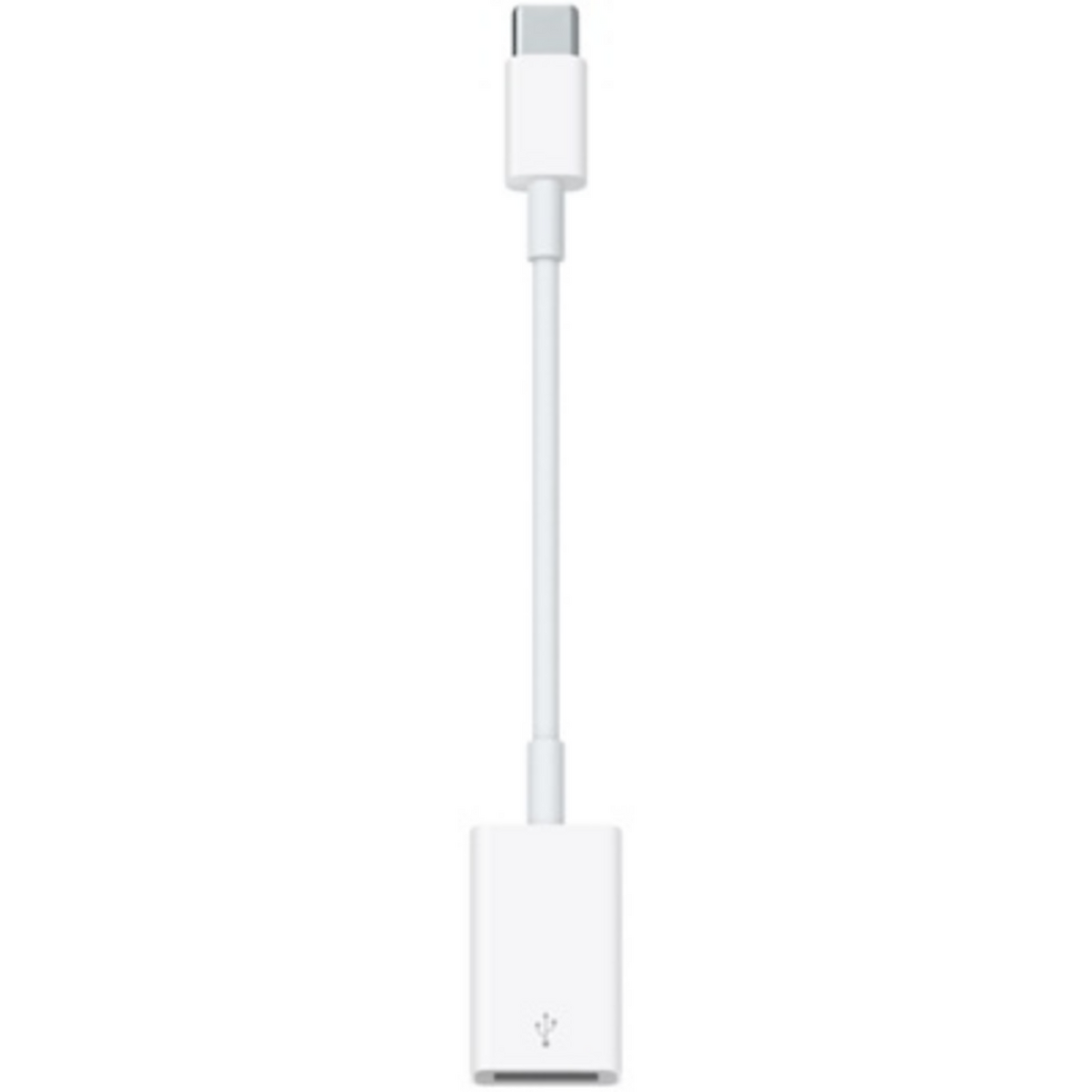 Apple Adapter MacBook - Adapter / MJ1M2ZM/A Weiß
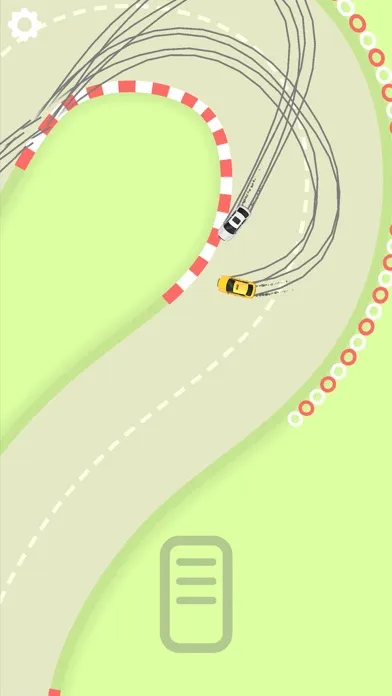 Screenshot di Drive and Drift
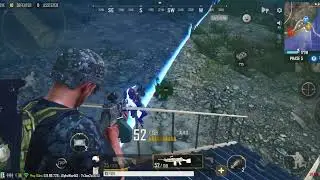 Erangel WARZONE! 13 Kills Clutch Chicken Dinner | New State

Description of the task: All of the material above is to be copied exactly, except for its images.

Response to the exercise:
 Apple Adapter MacBook - Adapter / MJ1M2ZM/A Weiß
 Screenshot di Drive and Drift
 Erangel WARZONE! 13 Kills Clutch Chicken Dinner | New State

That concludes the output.